Will Hadley, 14, from Stoke Golding in Leicestershire, was found dead in his room in May 2014 by his parents.
They believe he choked himself by accident after seeing videos about it on the internet.
Edward Timpson, minister for children and families, said it was "a serious and dangerous practice".
He said the government had raised the problem with the UK Council for Child Internet Safety and was also "taking a range of actions to improve child safety online".
Mr Timpson also said the issue had been raised with YouTube, which has a policy of removing any videos promoting dangerous activities from its website.
But the Hadleys said: "We want something to be done about this.

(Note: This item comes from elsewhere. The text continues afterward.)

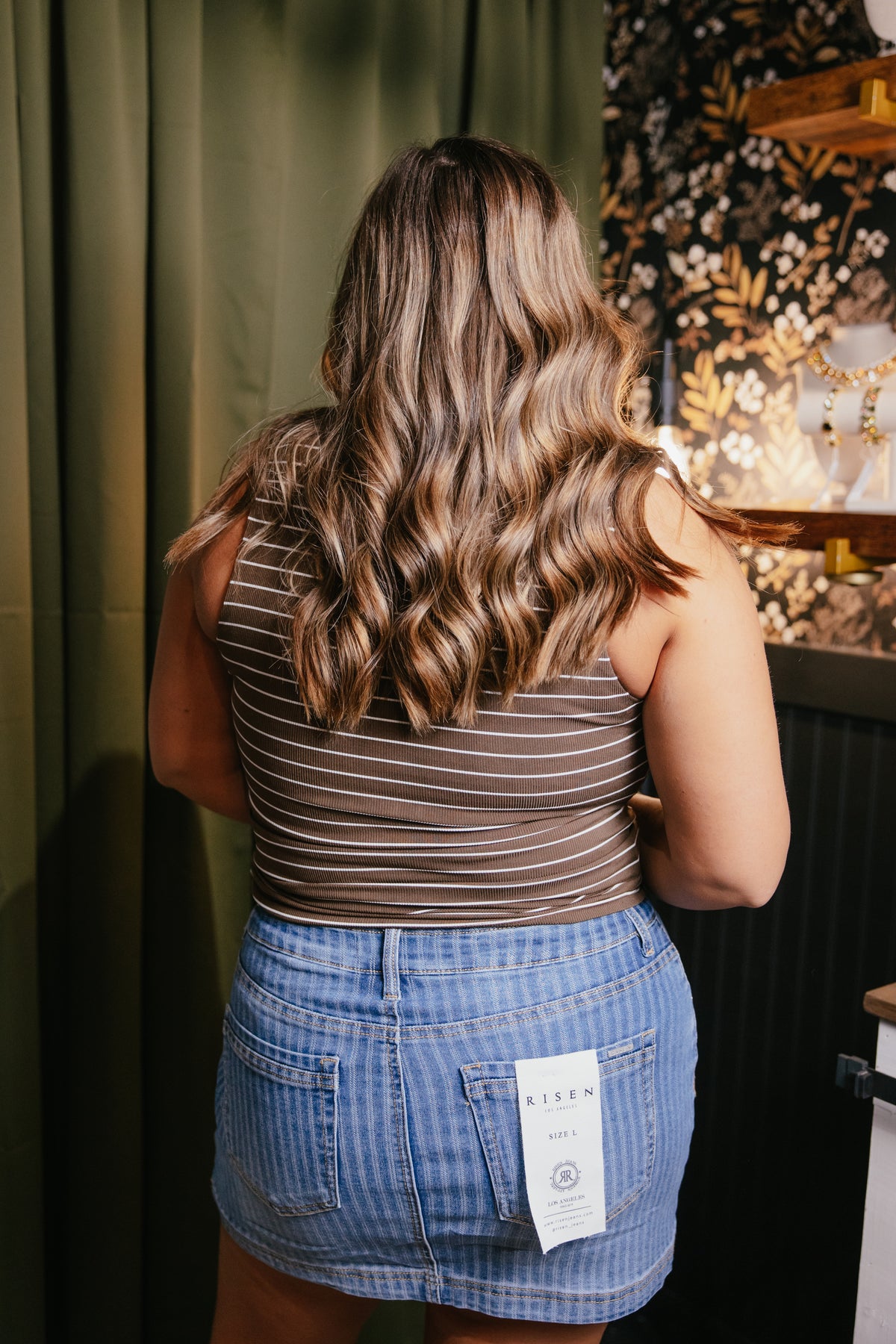Keep It Classic Tank In Brown/Ivory Stripes - Reg & Curvy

We think the response has been really poor - we have been given lip service from pretty well everyone.
"We want every GP and school and coroner and police force in the country to be made aware."

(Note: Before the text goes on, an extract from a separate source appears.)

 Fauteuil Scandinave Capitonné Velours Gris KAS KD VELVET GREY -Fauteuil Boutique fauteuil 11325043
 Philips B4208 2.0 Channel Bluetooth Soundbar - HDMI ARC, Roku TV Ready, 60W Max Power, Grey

An inquest in Loughborough recorded a verdict of accidental death, but the "choking game" was not mentioned, they said.
Mr Hadley added: "It was an absolute total shock. He was one of the happiest kids, he was full of life, no problems at school and we got on great with him.
"You try to prepare your kids for life… those threats and dangers, but how can you deal with something you have never heard of?"
Nigel Mathers, of the Royal College of General Practitioners, said: "The general incidence of self-harm, of which this may or may not be a form, is certainly known to be increasing among adolescents."
He said "an awareness campaign among GPs with some signposting to management strategies would be useful".